In “McDonald’s,” the second story of the quartet, another struggling writer attempts to tell a fictional story through telling his own story of attempting to write this fictional story (it feels that winding reading the story itself) but finds himself blocked by his inability to use “McDonald’s” in his work. Though he knows that more celebrated and talented writers already dealt with all the ambivalence and knotty issues that blur advertisement and art, he still feels insecure and confused about their relationship. (Cue David Foster Wallace issues.) Written in a somewhat (I believe purposefully) dense style of purple prose, the author/narrator attempts to substitute compelling content for intellectual flair, all to no avail until he finally can name his predominant issue, an issue in line with Harold Bloom’s anxiety of influence and a Marxist allergy to the commercialization of Art.

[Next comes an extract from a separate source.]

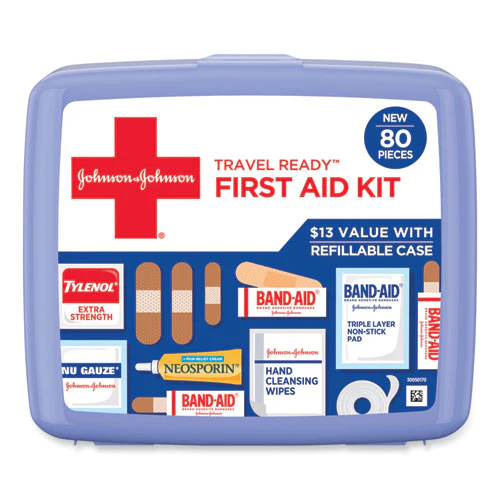 Red Cross Travel Ready Portable Emergency First Aid Kit, 80 Pieces, Plastic Case - Image 1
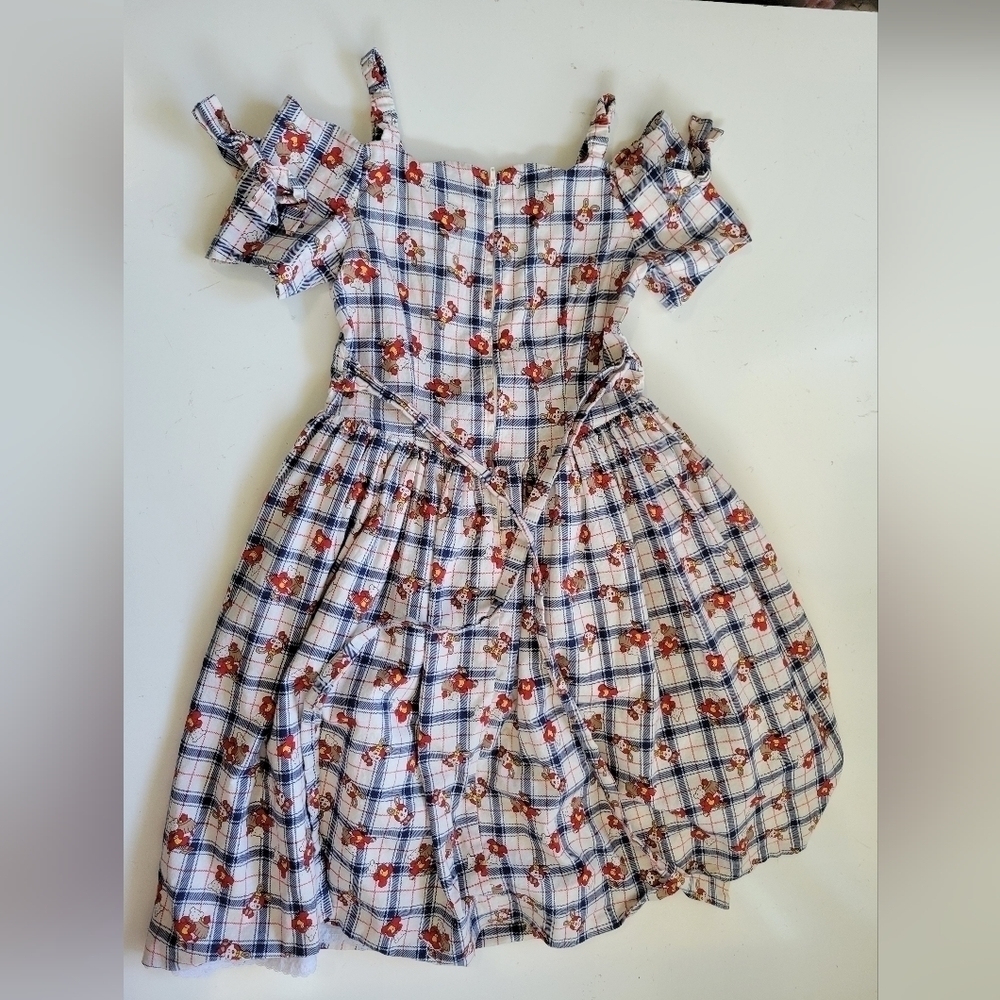 Vntg Giorgio Kids Bear Plaid Pinup Dress Size 7 - Picture 2 of 10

The most accessible and moving of the bunch, “A College Borough,” finds Cohen at his best and most emotionally powerful. In this story Cohen creates a tension between a more cynical, jaded, accomplished New York Jewish author, and the more naive idealism of a midwestern college writing class. Relegated to the anonymity of the midwest, the New York writer compels his students to rebuild the Flatiron Building instead of submitting stories to workshop. Cohen, in a flair of genius, investigates the relationship between book and author and between reality and fiction as the teacher allots jobs based on what he perceives as lacking in his students literary styles, or as their strength. (If a student can do flash and style but fails at poignant interiority, he appoints them as an interior designer to counterbalance their natural tendencies.) In a humorous twist, this assignment moves each student past their hope of writing into the more concrete realms of contracting, managing, interior design and architecture. In a sense, Cohen plays a heartfelt joke on the nature of writing today as a monetized career. Writers, more and more, feel the need to justify their work, to explain its relevance, or to expound a grand theory of literature that solidifies its importance to a world increasingly commoditized. Cohen evinces a strong Hegelian sense of tension between the thesis and antithesis but with a more postmodern touch of a lack of synthesis.

Even as the story coheres emotionally, Cohen then masterfully undercuts it all (spoiler warning) through the shattering suicide of the beloved professor at the end of the construction of the building. Cohen evinces an ambivalence as to this gesture. He doesn’t deign to explain the suicide, but the narrator at the heart of the story feels angered and is forever wounded by this apparently narcissistic act.

The last story in the quartet, “Sent,” presents the greatest challenge to both the reader and a critic. Beginning in the world of myth and symbols, Cohen creates a folktale-influenced world in which the loss of religion and the fluctuations of literary theory take shape. (Example: a bed made of wood carved with a magical axe, where the representations on the headboard elicit a range of historical responses to art and to texts.) From there, Cohen tells the story of a struggling young journalist somewhat obsessed both with porn and the spirituality of pornography to the extent that he finds himself in a Russian town that harbors many of the women he watches in pornographic streams. This story, in contrast to the rest, left me feeling cold, distant, frustrated and sad, though not in a cathartic way.Yet, in that manner of trust we give to great writers, I hope to return to the book as a whole, but especially to this dense story that defies easy reading.

It’s good to be reminded of this power of literature once again. As a friend of mine noted, perhaps more than any other writer today, I find it exhilarating to watch the intellectual and emotional development of Cohen as a writer take place on the page. Though not a masterpiece, his most recent effort contains all the trappings of one: the density, the ingenuity with language, the ability to deal with the most exigent and yet universal of issues, and the playful desire to experiment. All of these make this a book to not only read, but to contend with.